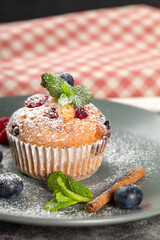 Freshly baked muffins with powdered sugar and fresh berries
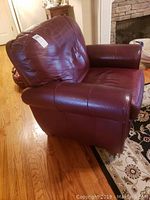 Side angle view of burgundy leather recliner showing profile and upholstery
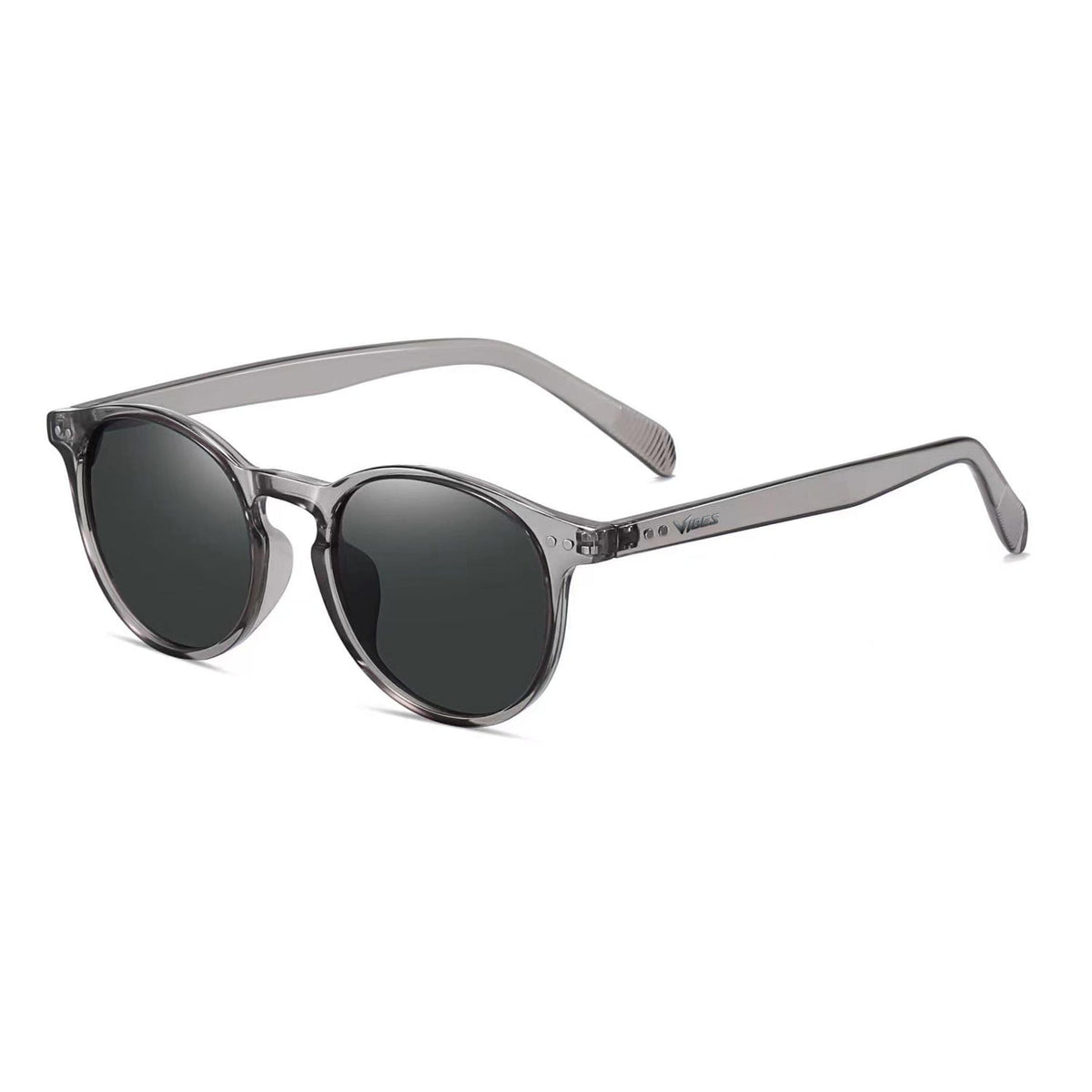 Onyx round retro sunglasses in Black / Clear Grey, black lens on clear grey frame, three-quarter view
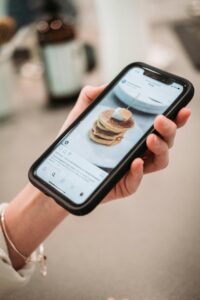 Hand holding a smartphone displaying a pancake recipe on a social media app.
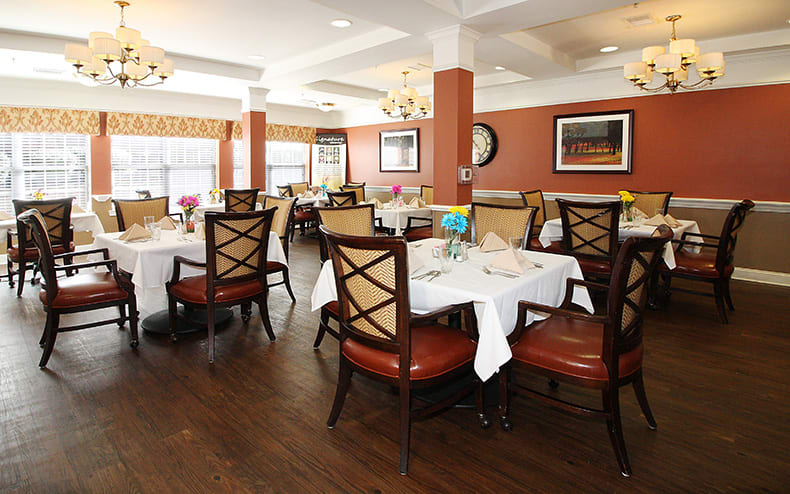 An elegant dining room with neatly arranged tables and chairs.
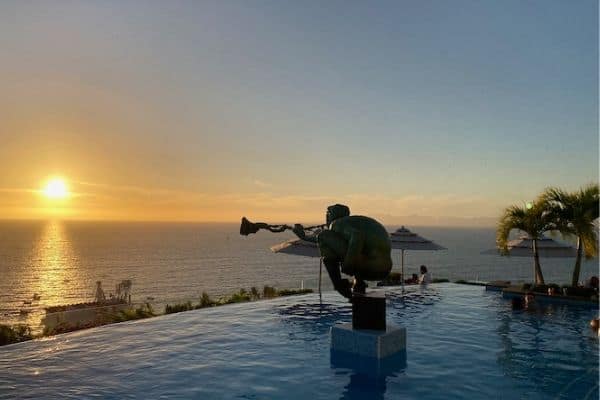 sunset over pool, statue playing the trumpet, beach puerto Vallarta, what to do in puerto Vallarta, traveling to puerto Vallarta, puerto vallarta trips
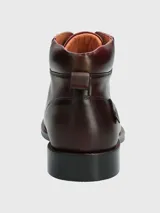 Bota de cuero color marrón con cordones, caña media y suela de goma.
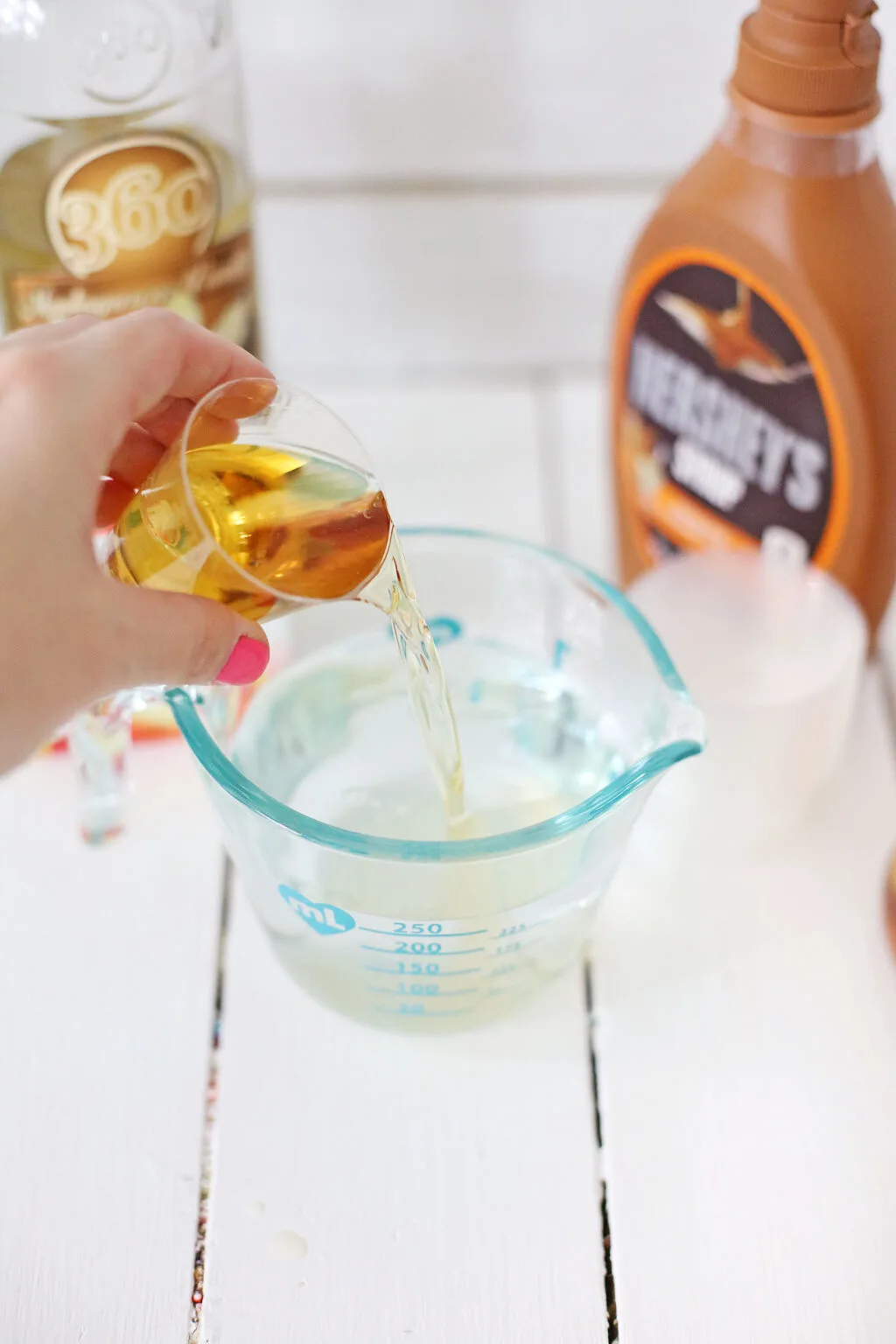 alcohol being poured into jello mixture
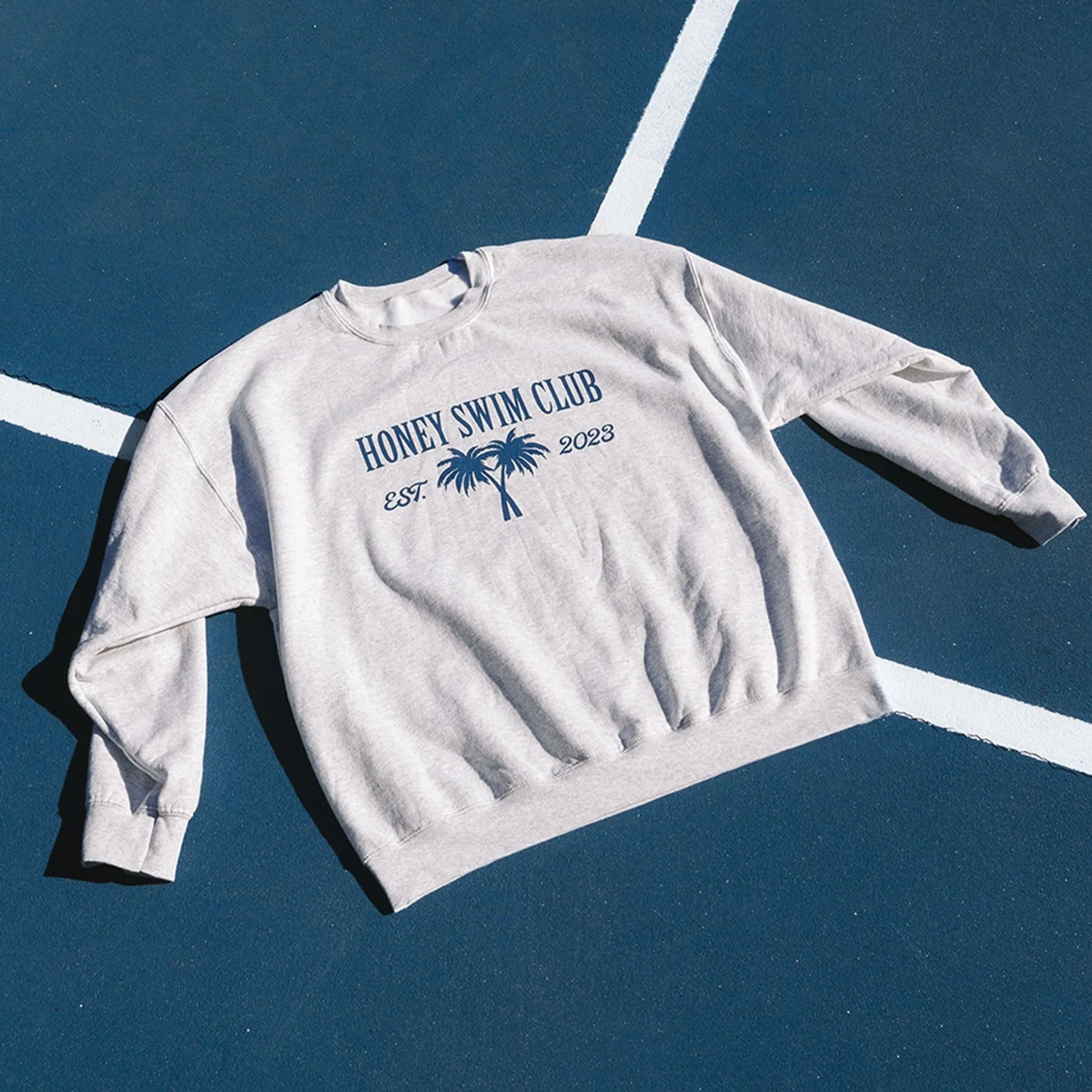 Honey Swim Palm Crewneck sold by Honey Swim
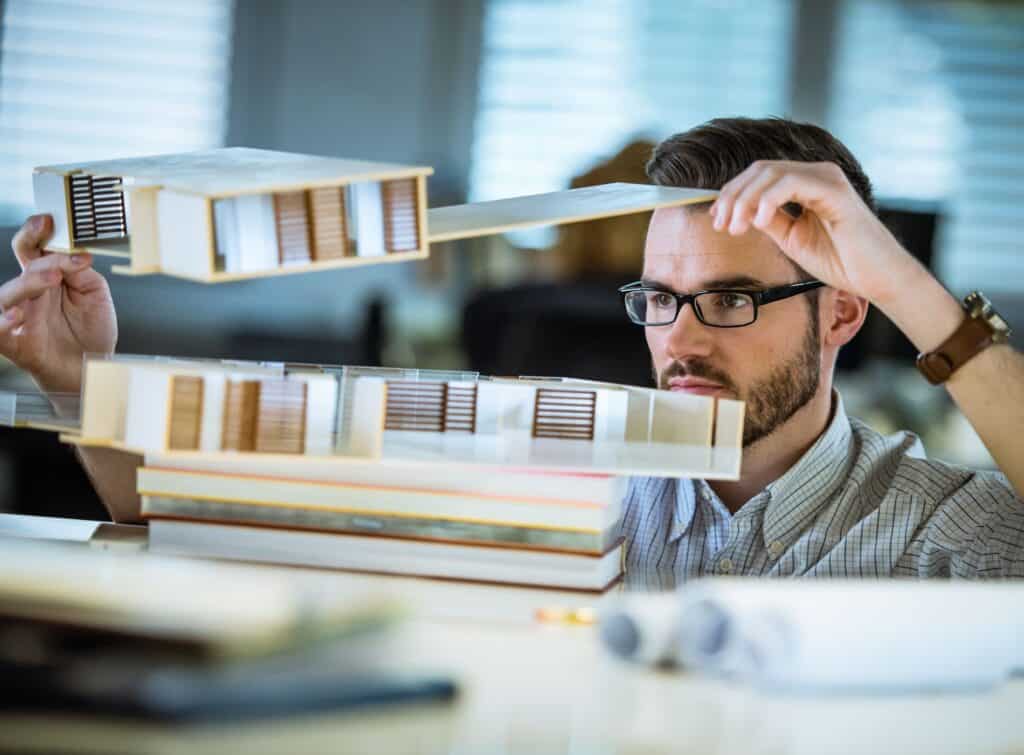 Homme assemblant une maquette 3D.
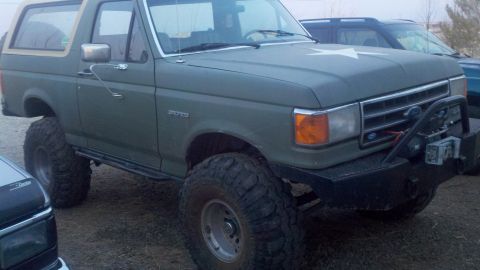 1989 Ford Bronco - This modified Ford Bronco sits high on large tires, a custom front bumper and a star decal on the hood.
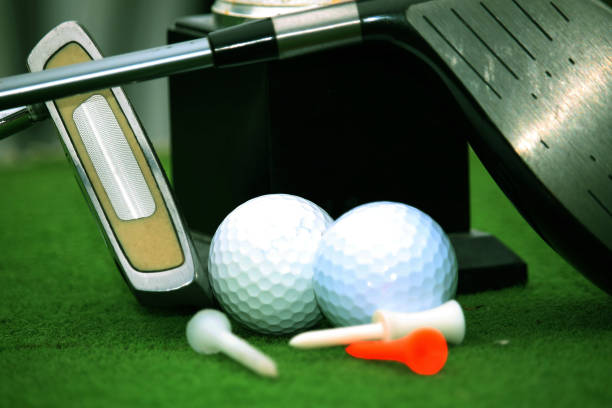 istock Collection of golf equipment resting on green grass 1671395882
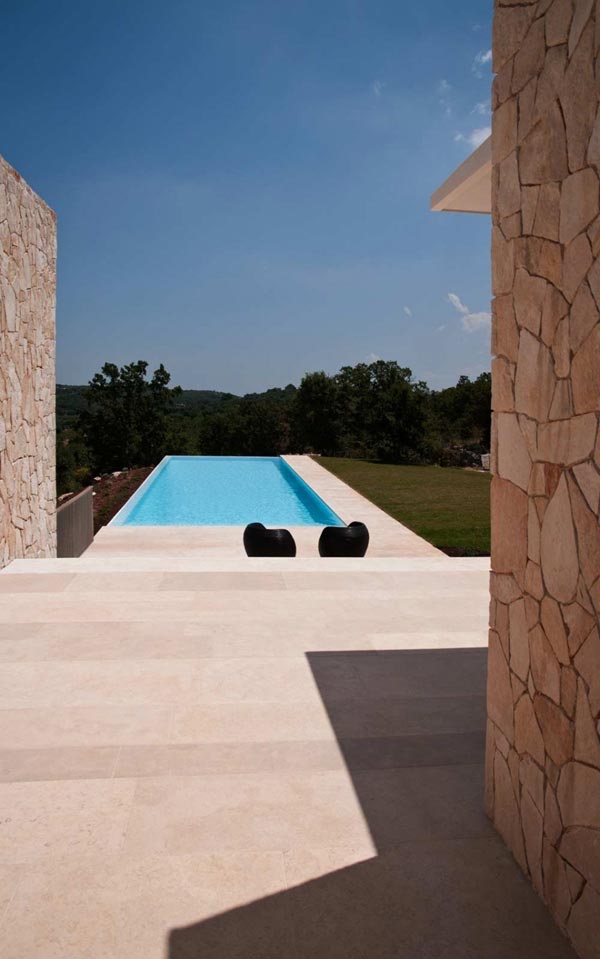 View from the house towards the terrace and the swimming pool.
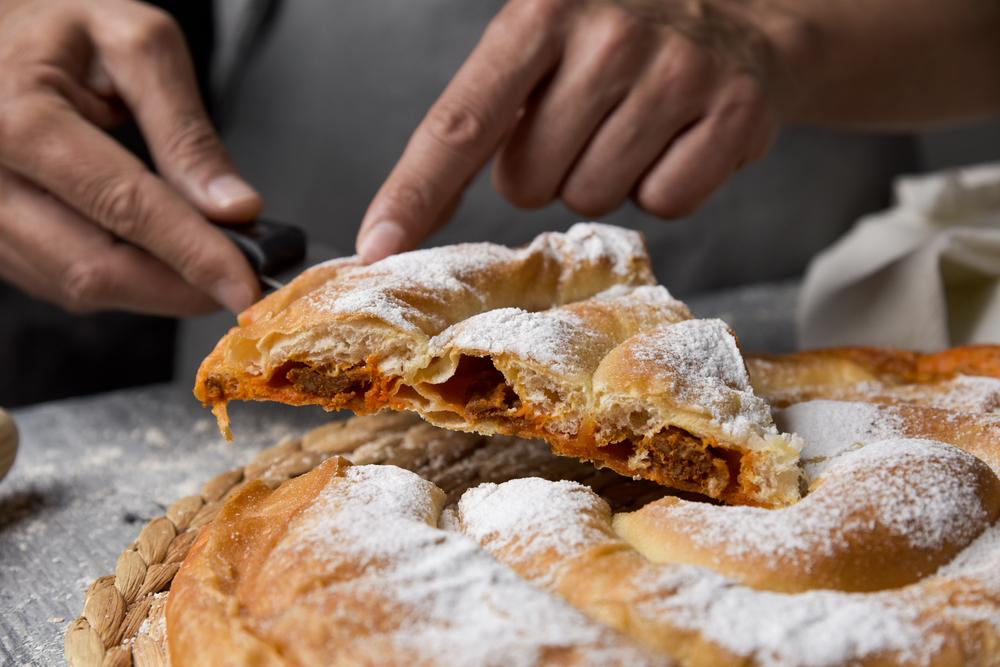 Close up de jóven que sirve una pieza de una ensaimada, una pastelería típica de Mallorca, España, llena de sobrasada, colocada sobre una mesa rústica de madera.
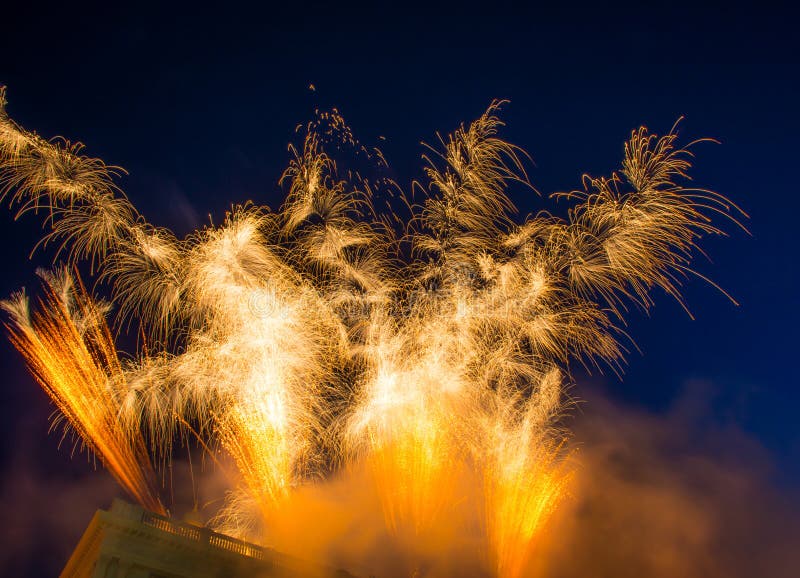 Fireworks in the sky colorful magical festive rays. Fireworks are a class of low explosive pyrotechnic devices used for aesthetic and entertainment purposes. Different types of fireworks in a black background.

=====

Give back exactly, and solely, the section of the data above bounded by the line containing "Onyx round retro" and the line containing "Close up de", both bounding lines included and pictures omitted.

 Onyx round retro sunglasses in Black / Clear Grey, black lens on clear grey frame, three-quarter view
 Hand holding a smartphone displaying a pancake recipe on a social media app.
 An elegant dining room with neatly arranged tables and chairs.
 sunset over pool, statue playing the trumpet, beach puerto Vallarta, what to do in puerto Vallarta, traveling to puerto Vallarta, puerto vallarta trips
 Bota de cuero color marrón con cordones, caña media y suela de goma.
 alcohol being poured into jello mixture
 Honey Swim Palm Crewneck sold by Honey Swim
 Homme assemblant une maquette 3D.
 1989 Ford Bronco - This modified Ford Bronco sits high on large tires, a custom front bumper and a star decal on the hood.
 istock Collection of golf equipment resting on green grass 1671395882
 View from the house towards the terrace and the swimming pool.
 Close up de jóven que sirve una pieza de una ensaimada, una pastelería típica de Mallorca, España, llena de sobrasada, colocada sobre una mesa rústica de madera.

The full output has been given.